La nostra memoria costruisce la nostra identità di persone viventi in un contesto sociale, stabilisce le coordinate di spazio e tempo che definiscono storicamente la nostra vita, ci consente di progettare il futuro.

La ricchezza della memoria è ricchezza di significati che utilizziamo nel presente, per essere in grado di pensare noi stessi nel futuro.

E’ anche per questo che la ricostruzione della propria autobiografia, inserita cronologicamente su una linea del tempo che rappresenta la vita di ciascun bambino, costituisce un lavoro che si basa su motivazioni affettivamente profonde, oltre a permettere un approccio corretto ai concetti di base della disciplina.

Raccontare le proprie storie e quelle dei propri familiari significa anche dare parole ad alcuni pezzetti della nostra vita: è una storia interiore che esce all’esterno, e rientra di nuovo dentro di noi con la coscienza delle parole.
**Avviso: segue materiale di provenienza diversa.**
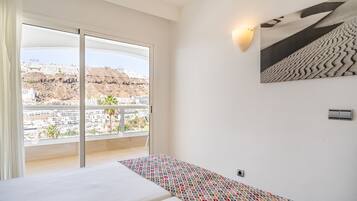 A hotel room with a large window, a bed, a patterned rug, a wall-mounted light, and a framed picture.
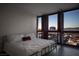 Bright bedroom with hardwood floors and expansive windows overlooking the city at night at 4471 Dean Martin Dr # 2406, Las Vegas, NV 89103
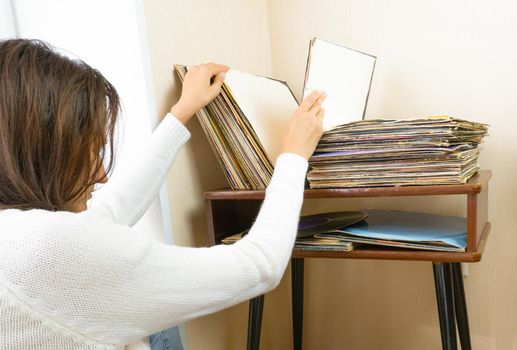 Woman choosing vinyl records at home for listening.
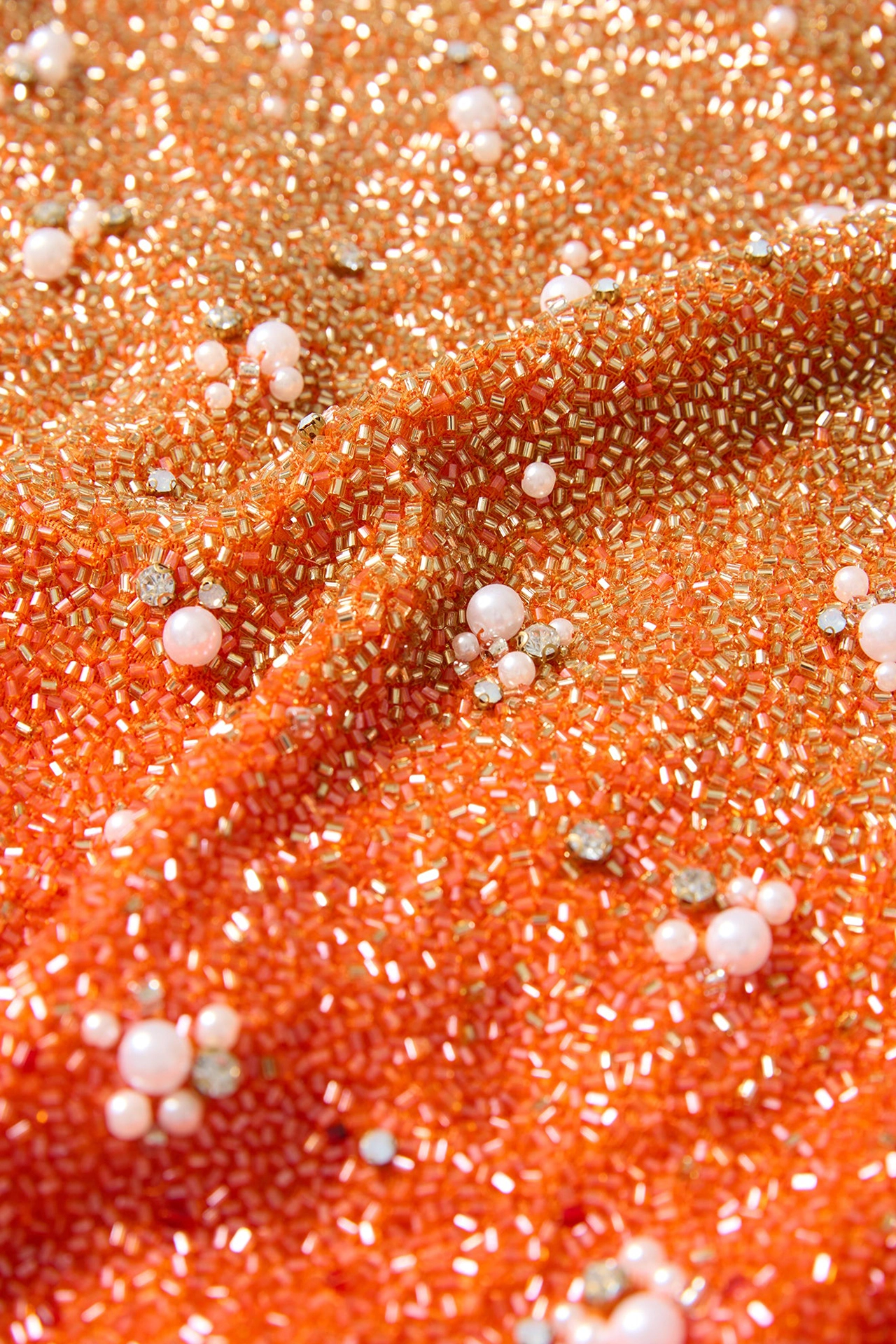 Extreme close-up of hand-sewn metallic seed beads and pearls from Gradient Mini Phoenix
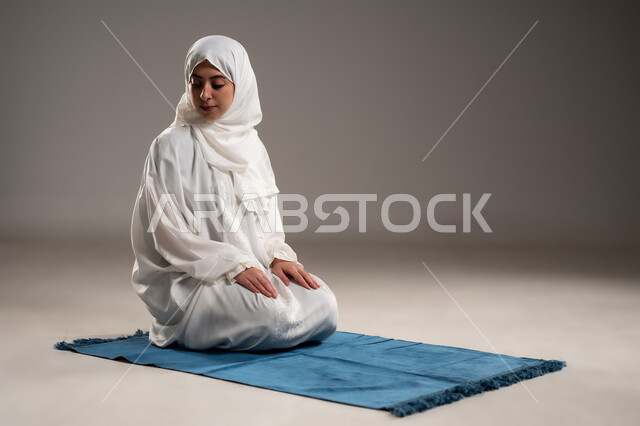 ايماءات تدل على الخشوع في الصلاة, أداء الفروض على وقتها, التقرب الى الله من خلال الإجتهاد في العبادة والحفاظ على الصلوات، بورتريه  لإمرأة عربية عمانية خليجية ترتدي الحجاب والعباءة البيضاء تلجس على سجادة الصلاة, صورة الجسم بالطول الكامل, خلفية رمادية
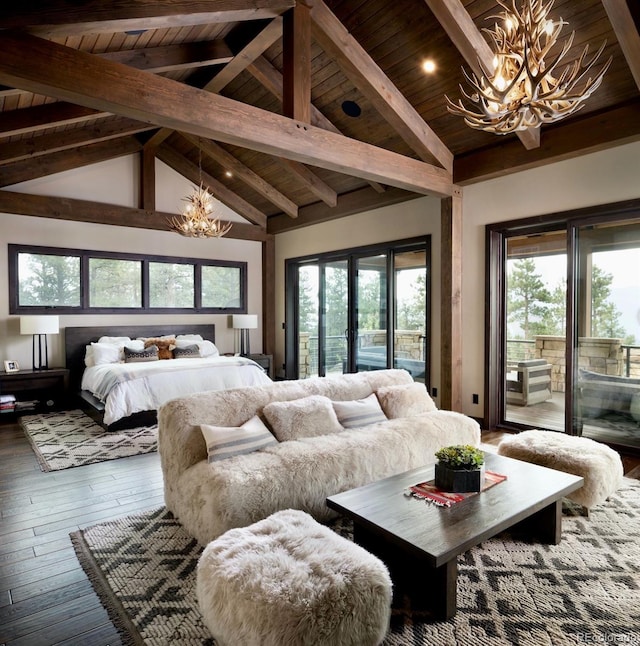 bedroom featuring beam ceiling, multiple windows, a chandelier, and access to outside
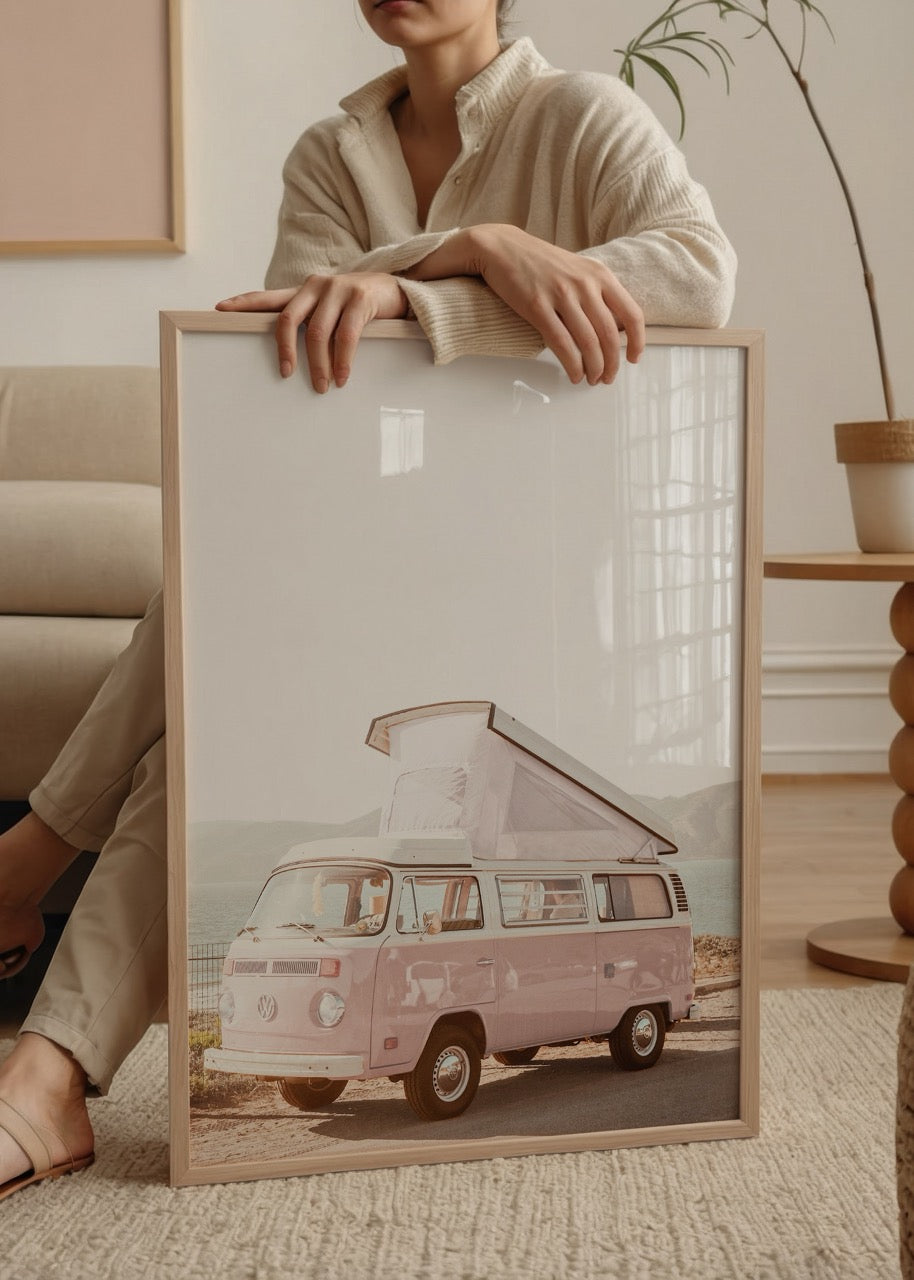 A whimsical pink caravan parked by the water, evoking adventure and nostalgia.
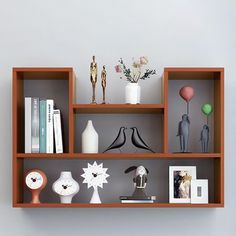 a shelf filled with vases, books and other decorative items on top of it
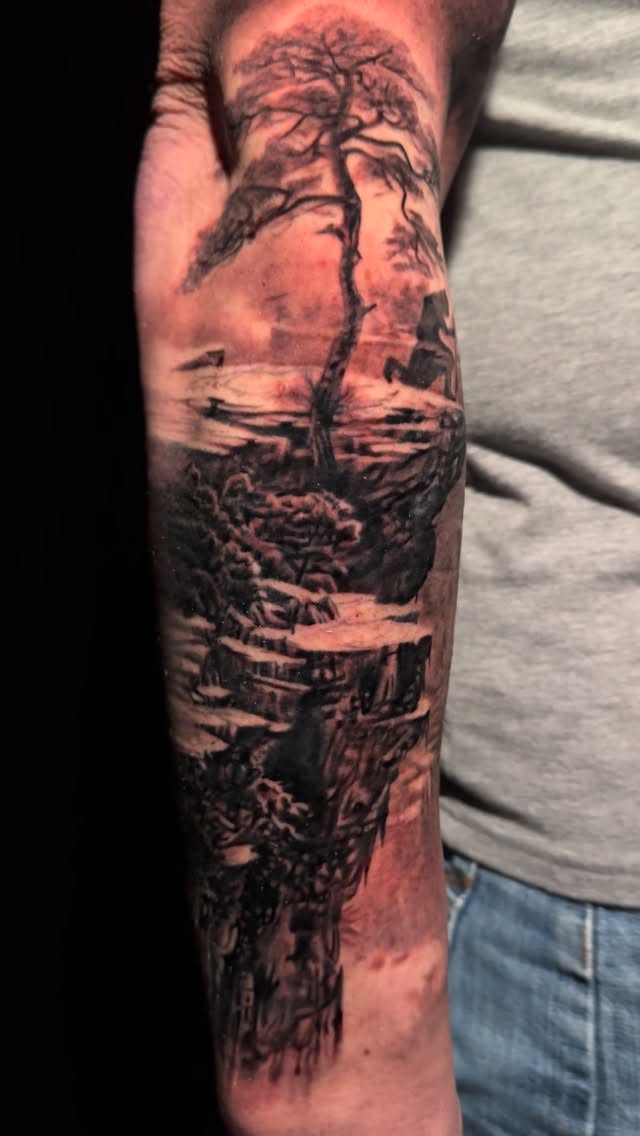 Moody grayscale landscape with windswept tree and rocks.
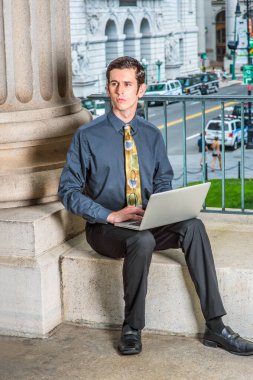 Mavi gömlekli, siyah pantolonlu, renkli kravatlı genç bir üniversite öğrencisi kampüsün dışında oturmuş kucağında bilgisayarla çalışıyor.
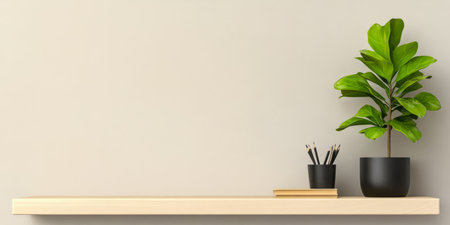 A minimalist shelf displays a leafy green plant in a black pot a small black container holding writing utensils and a stack of books. The soft light highlights the simplicity of the arrangement.の素材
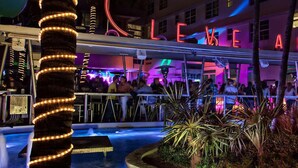 Esterno di un hotel ben illuminato con insegne al neon, area piscina e posti a sedere all'aperto.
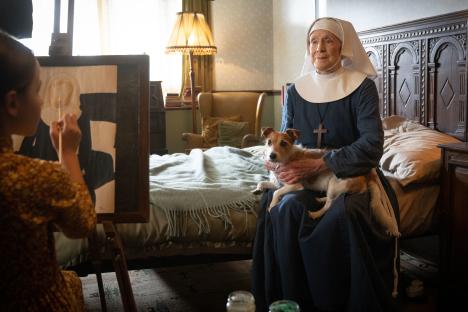 A nun holds a small dog while a young girl paints a portrait.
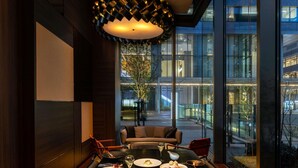 A dining area with a modern chandelier, a sofa, and a table set with various dishes.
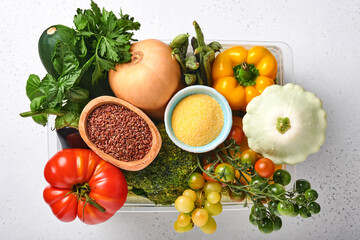 Assortment of fresh fruits and organic multicolored rainbow vegetables on gray concrete background. Food cooking and healthy clean food background and mock up.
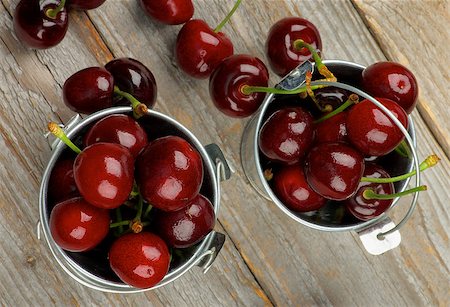 simsearch:400-08020671,k - Tin Buckets Full of Sweet Dark Red Cherries closeup on Rustic Wooden background. Top View Stock Photo - Budget Royalty-Free & Subscription, Code: 400-08163152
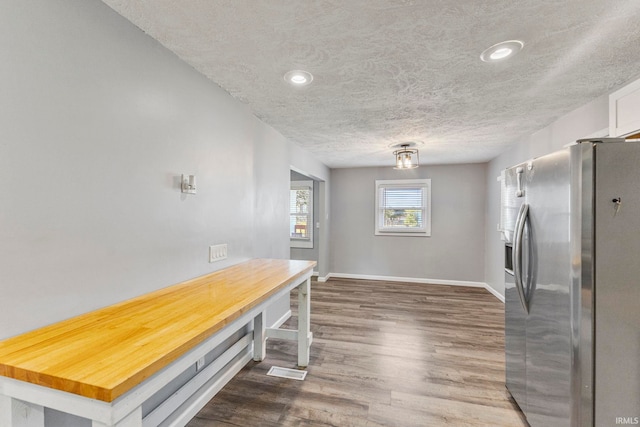 340 W Turner St, Bloomfield, IN 47424 - dining room featuring dark wood-type flooring, baseboards, a textured ceiling, and recessed lighting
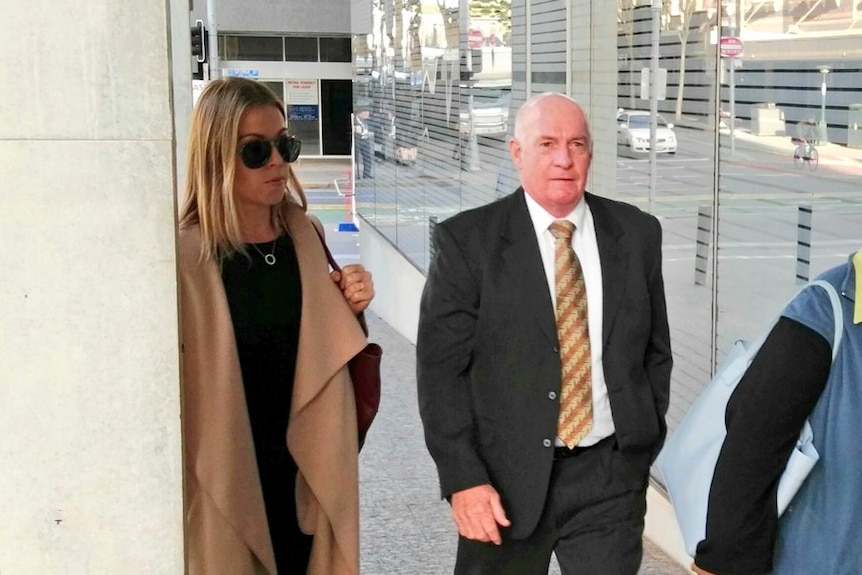 Gordon Nuttall walking into Supreme court building in Brisbane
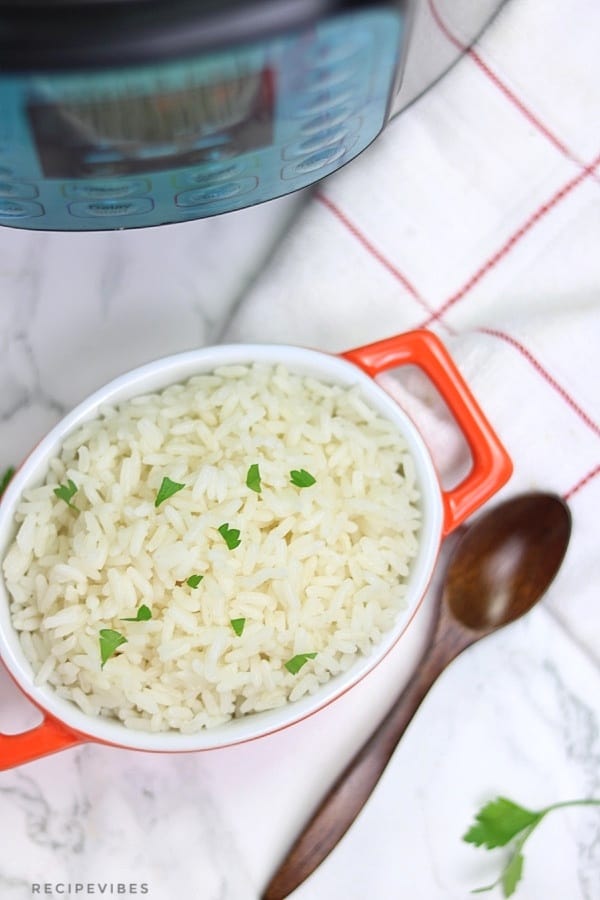 Instant pot white rice in orange bowl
E’ la costruzione di un’autobiografia che manipola ed organizza i ricordi, componendoli, cancellandoli o modificandoli.

Col passare degli anni, da adulti, spesso la memoria si confonde con l’immaginario, anzi, ne diviene l’archivio dal quale estrarre le immagini da comporre. I ricordi vengono mescolati e costruiti per dar luogo, lentamente, ad una memoria che non è più totalmente fedele alla realtà che è stata, ma ai significati che ci spingono a ricordare, quelli che il tempo ha modellato dentro di noi. Così, il desiderio di significati si confonde con la memoria, ed è ciò che ricordiamo a conferire senso a ciò che viviamo.

Raccontare una porzione della nostra vita può deformare i personaggi, cambiare la successione delle immagini, collocarsi in una dimensione quasi senza tempo. Allora l’immaginario prevale sulla memoria, ed il ricordo diviene enunciazione di significati e desideri.

Questo accade a noi adulti in modi più o meno complessi e profondi; accade però anche ai ragazzi, sia per ciò che ricordano sia per quello che viene raccontato loro dai grandi. Quando i bambini tracciano sulla linea del tempo personale gli eventi che hanno caratterizzato la loro vita, non è infrequente che essi dimentichino la nascita del fratellino.

Non tralasciano niente, invece, di tutte le “disgrazie” capitate: cadute dai luoghi più disparati che hanno reso necessario l’intervento del pronto soccorso; l’essersi smarriti in boschi occasionali – il mercato ed i grandi magazzini sono i più frequenti – con conseguente affannosa ricerca da parte del babbo o della mamma. Queste disgrazie hanno, come comune denominatore, una certa dose di negligenza da parte dei genitori, i quali prima si distraggono e dopo, quando il bambino si è fatto male o si è perduto si preoccupano e si angosciano. E ciò che il bambino domanda, quando il genitore racconta questi fatti è: “E tu che facevi? Cosa pensavi?”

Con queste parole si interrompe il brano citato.